=== Section Start ===
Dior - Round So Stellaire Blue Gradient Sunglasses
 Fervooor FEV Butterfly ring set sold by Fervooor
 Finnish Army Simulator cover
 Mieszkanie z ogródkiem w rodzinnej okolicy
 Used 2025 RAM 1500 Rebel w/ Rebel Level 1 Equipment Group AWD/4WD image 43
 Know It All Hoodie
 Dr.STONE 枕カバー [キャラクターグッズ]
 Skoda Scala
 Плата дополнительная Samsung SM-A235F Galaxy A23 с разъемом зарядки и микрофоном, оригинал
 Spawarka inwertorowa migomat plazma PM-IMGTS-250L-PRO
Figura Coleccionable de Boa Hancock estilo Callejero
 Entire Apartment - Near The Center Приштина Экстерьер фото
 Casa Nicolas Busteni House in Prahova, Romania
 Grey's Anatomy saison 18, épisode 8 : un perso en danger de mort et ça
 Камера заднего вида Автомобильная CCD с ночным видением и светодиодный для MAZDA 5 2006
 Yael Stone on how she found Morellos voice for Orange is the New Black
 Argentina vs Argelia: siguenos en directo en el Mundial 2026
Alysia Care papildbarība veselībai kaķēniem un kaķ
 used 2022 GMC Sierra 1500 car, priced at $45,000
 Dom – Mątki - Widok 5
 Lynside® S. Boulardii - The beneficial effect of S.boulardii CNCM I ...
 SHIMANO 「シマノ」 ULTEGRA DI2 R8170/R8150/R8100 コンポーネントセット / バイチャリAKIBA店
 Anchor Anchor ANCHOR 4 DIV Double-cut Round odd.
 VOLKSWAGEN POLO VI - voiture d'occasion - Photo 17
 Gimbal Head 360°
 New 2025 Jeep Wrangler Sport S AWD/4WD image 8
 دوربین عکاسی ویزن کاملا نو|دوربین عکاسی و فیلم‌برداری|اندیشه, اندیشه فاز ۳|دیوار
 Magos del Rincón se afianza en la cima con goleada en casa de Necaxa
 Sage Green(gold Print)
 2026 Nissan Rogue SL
=== Section End ===
▸ **Activity**
Your answer should be every line from the material above in which the word "Round" appears.

▸ **Solution to this problem**
Dior - Round So Stellaire Blue Gradient Sunglasses
 Anchor Anchor ANCHOR 4 DIV Double-cut Round odd.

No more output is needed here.